Reconnecting Democracy, Civil Rights and the (Land) Commons

Excerpted from Pat Conaty:

“On your key point Henry below that the Levellers (civll rights movement) and Diggers (the commons and commonwealth movement) took separate paths, you are right. But this was not any intention as key Diggers were Levellers and they described themselves as True Levellers.

The same divergence happened during the early days of the industrial revolution in the 1790s as Tom Paine (civil rights) and Thomas Spence (the commons and commonwealth) also diverged somewhat. Thomas Spence like Winstanley could see and argued that civil rights alone will not lead to full democracy. Full democracy requires a property rights foundation in commonwealth and beginning with amended rights to land use to overcome enclosure.

From 1815 Robert Owen and others like Ricardian socialists led by the Irish Co-operative leader, William Thompson sought to unite both but through economic democracy. The Chartists and especially the Irish leaders not only pushed for the undelivered annual Parliaments but they also set up the Chartist Land Company and raised sufficient share issue investment from trade unions to set up half a dozen Chartist co-operative villages.

It was Parliamentarians that forced the closure of the Chartist Land Company in the early 1850s. But John Stuart MIll picked up this cause and joined others in the first movements in London to protect Open Spaces and to create urban commons and parks.
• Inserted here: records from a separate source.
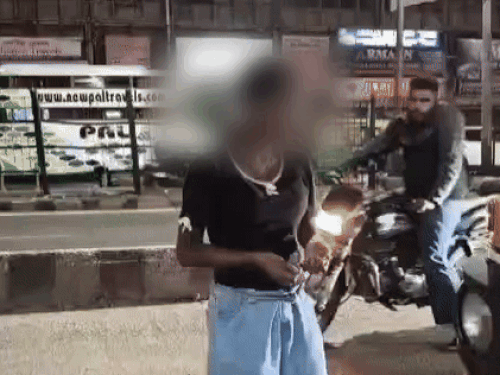 The girl kept dancing in the middle of the road. People kept looking at him.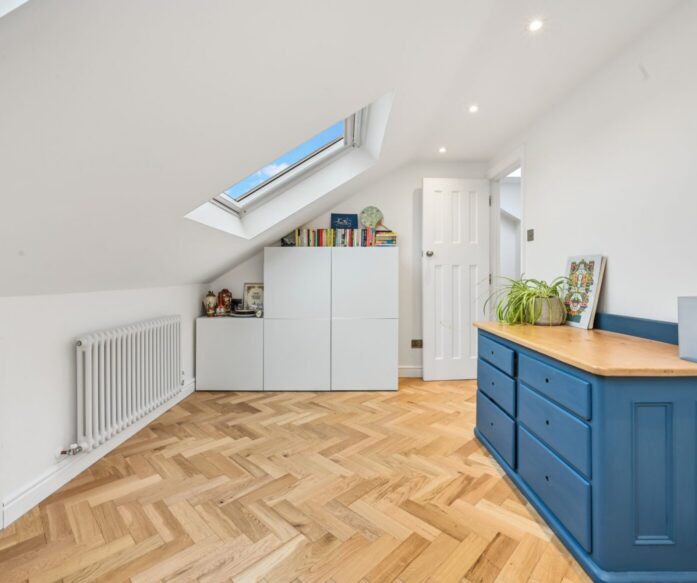 Bright Stanmore HA7 loft room with rooflight, herringbone floor and fitted storage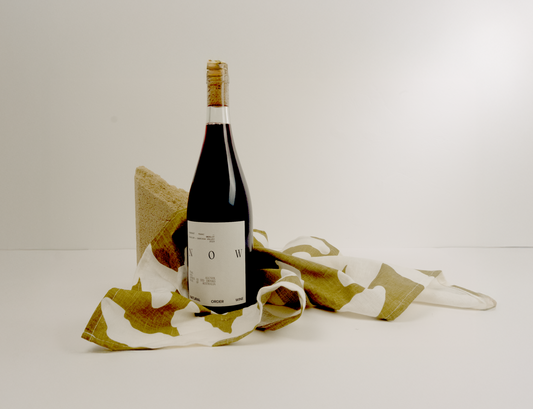 Wine bottle and linen towel set plain background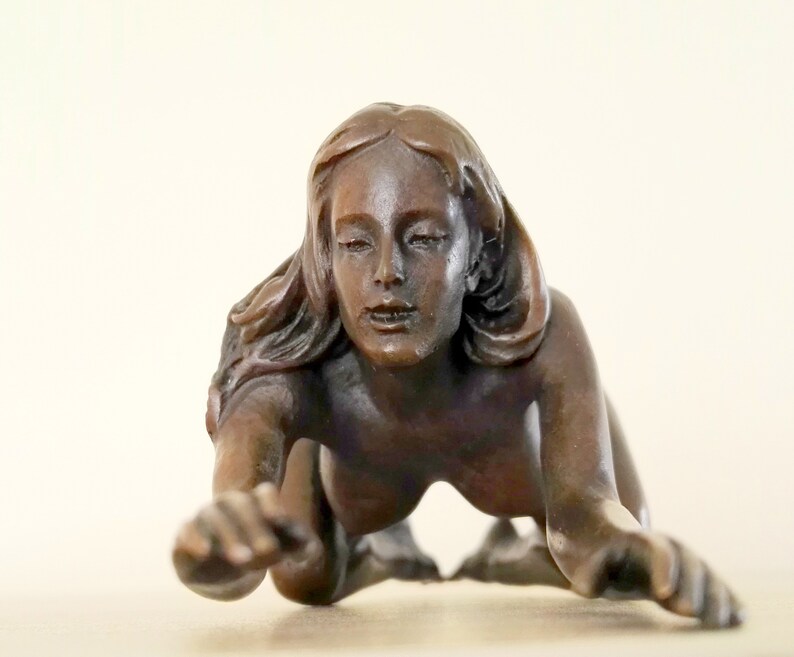 Erotic bronze artefact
Also he argued that all land should be brought into commonwealth, either locally by campaigns or by municipal urban renewal to tackle slums or by land nationalisation. Municipal socialism in Birmingham and Glasgow took up Millian ideas.

Parliamentarians have favoured public land solutions off and on. But check out this compelling court case and story by Tania Branigan the Guardian correspondent in China. She shows how Zhang Haixan and a modern day Digger movement group of leaders in the 21st century in China is being jailed just for asserting commons ownership and use rights on what was nationalised by the Communists and is no longer being treated as common ownership but sold off.

The disconnect in thinking between commons land and land in public ownerships is a grand canyon tragically and seems rooted in the Leveller and Digger separate roads. Like a one-eyed Wall, the state simply is out of touch with the practices of commoners down the ages for how to productively and locally steward land to build commonwealth.

Hence the need for an very clear, articulate and compelling Politics of the Commons to build social-public partnerships in the communitarian ways.

Anyway now that a CLT in London is happening and being recognised, this Politics of the Commons is not an impossible sell in my view.

Emma Howard in the Guardian is seeking to do stories on all the CLTs in the country, so the Guardian is getting on board.